Simulation / Debugging

I setup simulation via simavr. This tremendously improved my developing speed, since a simulator spawns and runs much faster than the real board. Due to the code being portable, debugging took place mostly in the host GDB; and after Valgrind and AddressSanitizer gave their blessing, I usually found out that the simulator (and the real board) worked fine as well.

BluePill vs Arduino UNO

Thanks to ArduinoSTL, I quickly reached the point of running inside the BluePill. The 1.5$ mini-monster has 10 times more SRAM than an Arduino UNO; so in a couple of days, I had a working branch.

The 1.5$ 'Beast'

But as said above, that wasn't nearly enough to make it work in my Arduino UNO. That required far more work (see below).

As for the BluePill, I should note that, as in all my other embedded targets, I prefer a development workflow that is based on normal bootloaders (not on programmers). I therefore burned the stm32duino bootloader on the BluePill, which allowed me to easily program it in subsequent iterations via the USB connection (and a simple make upload).

The same USB connection would then function as a serial port immediately afterwards - allowing me to interact with the newly uploaded Forth in the BluePill.

The screenshot below is from a tmux: on the left, the output from make upload; and on the right, I used picocom to interact with my mini-Forth over the serial port:

Compiling, uploading and testing

Memory - the final frontier

That covered the first two days.

But when I tried compiling for the Arduino UNO, I realised that the ArduinoSTL was not enough. I run out of memory...

So I built my own mini-STL, and tightly controlled all memory utilisation.

I also used macro-magic to move all strings to Flash at compile-time (see dprintf in the code)... And saved memory everywhere I could, re-using error messages across various operations - and storing the entire array of native operations in Flash.

Nothing flexes your coding muscles as much as optimising; whether it is for speed or for space.

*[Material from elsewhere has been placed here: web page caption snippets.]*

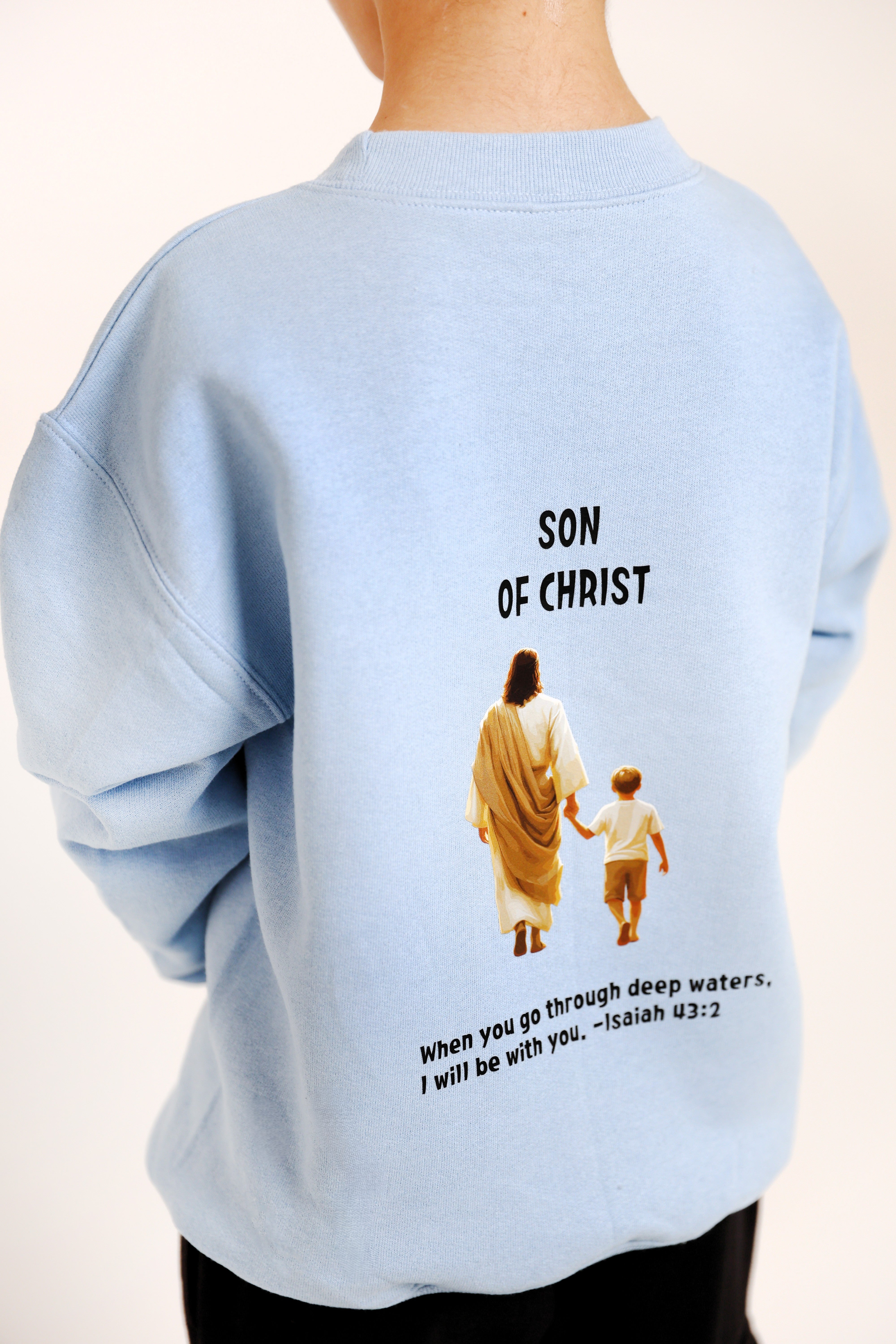 Son of Christ Crewneck – Kids
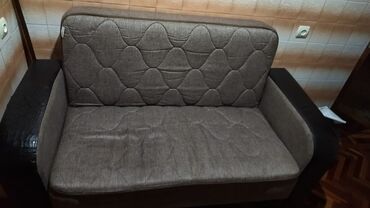 диван в стиле лофт: Мини-диван, Б/у, Раскладной, С подъемным механизмом, Ткань, Платная доставка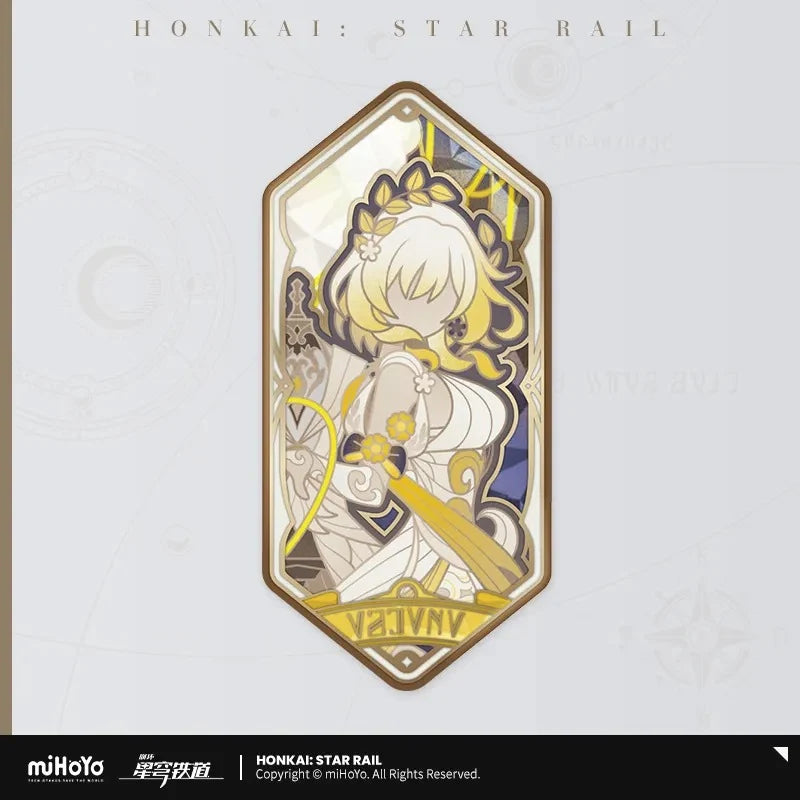 Honkai: Star Rail - As I Write Series Badge miHoYo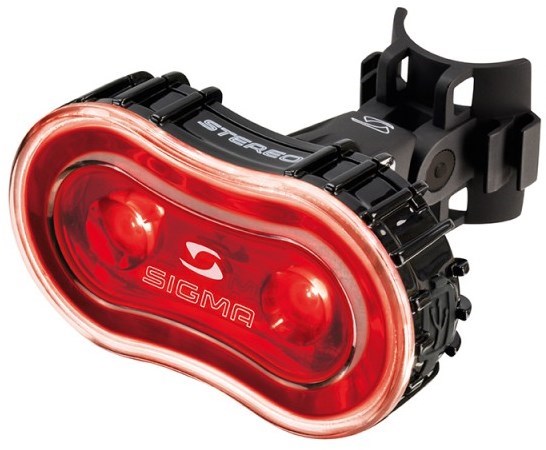 Sigma Stereo 2 LED USB Rechargeable Rear Light product image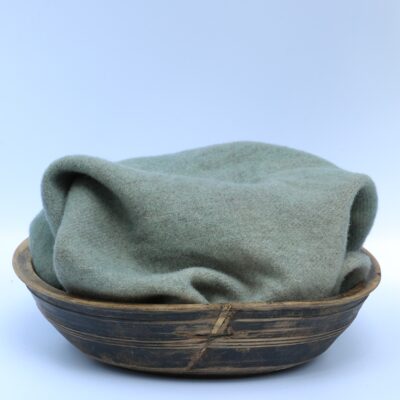 Rain Washed Blue Wool by Blackberry Primitives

See the implementation of ".S" for example, where the (obvious) stack reversal code is also the most wasteful... Changing it to a slower but memory-preserving algorithm allowed me to use ".S" even when almost all my memory is full.

C++ vs C

I know that many developers hate C++. I even wrote a blog post about it.

And I understand why - they see code like this...

typename forward_list::box *forward_list::_freeList = NULL; ">
#include "mini_stl.h"

template
typename forward_list::box *forward_list::_freeList = NULL;

...and they start screaming - "what the hell is that", "incomprehensible madness", etc.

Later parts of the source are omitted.